Sent from my iPhone using Tapatalk


----------



## Michael van Jaarsveld (17/8/16)

SDAYA said:


> Order the scale from BlckVapour
> 
> It's cheap and they delivery quick
> 
> ...


Would it not be cheaper to buy the scales separately? 

Sent from my SM-G925F using Tapatalk


----------



## Soutie (17/8/16)

Blckvapour has a scale for in and around the region of R140 I think. Don't think you will get it much cheaper than that. 

And they will have a stall at Vapecon to boot


----------



## Michael van Jaarsveld (17/8/16)

Soutie said:


> Blckvapour has a scale for in and around the region of R140 I think. Don't think you will get it much cheaper than that.
> 
> And they will have a stall at Vapecon to boot



Oh separately buying a scale?
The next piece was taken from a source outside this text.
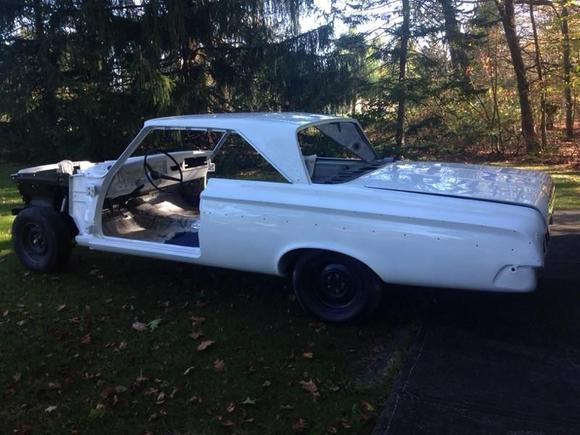 all in white and buffed out.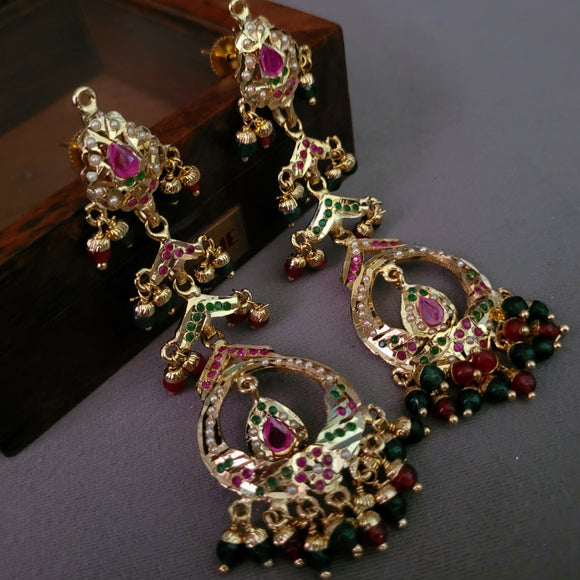 FINEST QUALITY JADAU EARRINGS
I was referring to in the starter kits. I will have a look at vapecon then.

What amount of syringes etc do you advise?


Sent from my iPad using Tapatalk


----------



## SDAYA (17/8/16)

Michael van Jaarsveld said:


> Oh separately buying a scale? I was referring to in the starter kits. I will have a look at vapecon then.
> 
> What amount of syringes etc do you advise?
> 
> ...



Buy the kit and it will give you everything you need 


Sent from my iPhone using Tapatalk


----------



## Michael van Jaarsveld (17/8/16)

Do you think they will be selling the vapestarter kits at vapecon? Or should I rather order online


Sent from my iPad using Tapatalk


----------



## Soutie (17/8/16)

I wouldn't bother with a starter kit to be honest. Just buy PG, VG, nic, a scale, bottles and concentrates.

If you do need syringes you can get them really cheap at dischem. The beakers and pippets etc you won't use if you are using a scale, just drip directly in the bottle.

If anything you will have a huge amount of knowledge around you at Vapecon, and if this forum has shown me anything it's that this community is so free to help people out.

EDIT: Damn autocorrect spelling

Reactions: Like 2 | Agree 1


----------



## SAVaper (18/8/16)

Michael van Jaarsveld said:


> Do you think they will be selling the vapestarter kits at vapecon? Or should I rather order online
> 
> 
> Sent from my iPad using Tapatalk



You can ask them under their vendor section.


----------



## SAVaper (18/8/16)

Michael van Jaarsveld said:


> Oh separately buying a scale? I was referring to in the starter kits. I will have a look at vapecon then.
> 
> What amount of syringes etc do you advise?
> 
> ...



A scale is great and will be your main tool for mixing but I still use syringes from time to time.
When I mix only 10ml as a tester I use syringes for the flavours that are very small volumes.
When I want to change the NIC content of a juice, I use a syringe.

Get 5 x 3ml, 5 x 5ml, 10 x 1ml insulin, and maybe a 10 or 20 ml syringe for larger volumes of VG. When I started mixing recipes I used a 1ml syringe per flavour. I did not want to cross contaminate flavours and I did not want to wash and dry syringes in between. Ended up with piles of syringes if I mix 4 or 5 recipes on the same day. Then you have to clean all of them and that is where I realised that a scale is the best. Drip straight from the flavour bottles into your mixing bottle and nothing to clean. Can do a lot of different recipes in no time.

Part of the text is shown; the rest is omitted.